Extend pipeline to combine results in one tsv file

zavolanlab / bindz-rbp

RBP module for bindz, a bioinformatics tool to detect regulators' binding sites on RNA sequences.

https://github.com/zavolanlab/bindz-rbp

Apache License 2.0

7 stars 1 forks source link

Extend pipeline to combine results in one tsv file #18

Closed krish8484 closed 4 years ago

krish8484 commented 4 years ago

Description

Please include a summary of the change and which issue is fixed. Please also include relevant motivation and context. List any dependencies that are required for this change.

All the motevo results are encapsulated in one tsv file

Fixes #15

Type of change

Please delete options that are not relevant.

[x] New feature (non-breaking change which adds functionality)

Checklist:

[x] My code follows the style guidelines of this project
[x] I have performed a self-review of my own code
[x] I have commented my code, particularly in hard-to-understand areas
[x] My changes generate no new warnings
[x] I have added tests that prove my fix is effective or that my feature works
[x] New and existing unit tests pass locally with my changes
[x] I have not reduced the existing code coverage

AngryMaciek commented 4 years ago

@krish8484 Apart from what is in the code comments, I have unchecked some boxes from the checklist that still need to be addressed.

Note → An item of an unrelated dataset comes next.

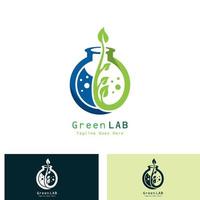 groen laboratorium logo ontwerp concept creatief laboratorium met blad vector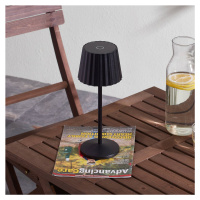 Lindby LED nabíjateľná stolová lampa Esali, čierna, hliník, 11 cm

As you change how the script is called you will also have to add unit test for your script (the same way I have for another one). In order to generate dummy input for the unit test just run the pipeline once, copy the main directory with MotEvo results (per motif directories) and remove all of them except, let's say, arbitrarily chosen 10 (so that the test is rather small).

And then, add the unit test to the CI as well.
Don't forget to create the expected output txt and md5 files (all the same as for the other unit test).

krish8484 commented 4 years ago

Okay, i had done it the wrong way, will fix it thanks!

krish8484 commented 4 years ago

All the changed mentioned above have been implemented. Both the md5sum --check commands are returning OK on my local machine, but failing on the travis server. I am not understanding the reason.

AngryMaciek commented 4 years ago

I have made some minor comments, please remove unnecessary files first, before I git into the script itself. Also, please remove all .snakemake_timestamp files. There are internal time stamps that should not be under version control;

krish8484 commented 4 years ago

The log files were auto generated after running the pipeline, you are right they were not needed, so I deleted them now. The integration tests are passing sometime and failing other time because the order of input directories that the snakemake file receives is not the same all the time, so the order of tsv file changes according to the input. I think unit tests do a good job of checking the script. I have implemented the other suggested changes.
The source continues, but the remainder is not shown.